_What is needed_
Copy exactly the lines of the data below that run from the line holding "Bee des Bee 【浴衣TIMESALE】 浴衣 子供 3点セット セパレート" through the line holding "广电班 (attack on titan)", both ends included.

_Data excerpts_
****
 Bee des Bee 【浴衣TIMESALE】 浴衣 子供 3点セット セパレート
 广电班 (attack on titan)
****
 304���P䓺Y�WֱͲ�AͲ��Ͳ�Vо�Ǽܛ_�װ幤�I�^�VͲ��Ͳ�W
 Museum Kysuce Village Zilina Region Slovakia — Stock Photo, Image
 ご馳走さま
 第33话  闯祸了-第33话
****
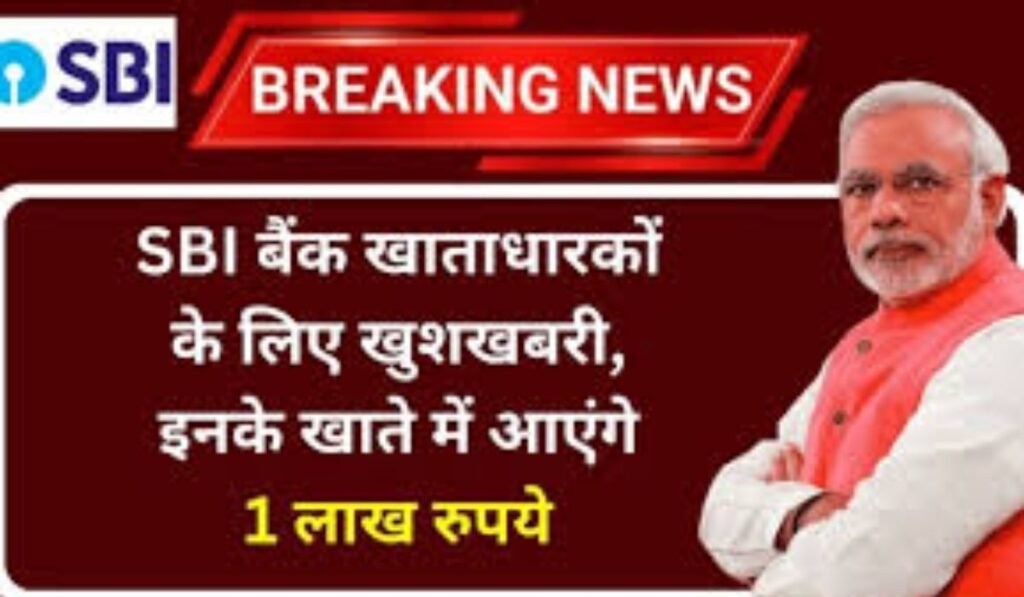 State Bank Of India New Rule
****
_Finished exercise_
 Bee des Bee 【浴衣TIMESALE】 浴衣 子供 3点セット セパレート
 广电班 (attack on titan)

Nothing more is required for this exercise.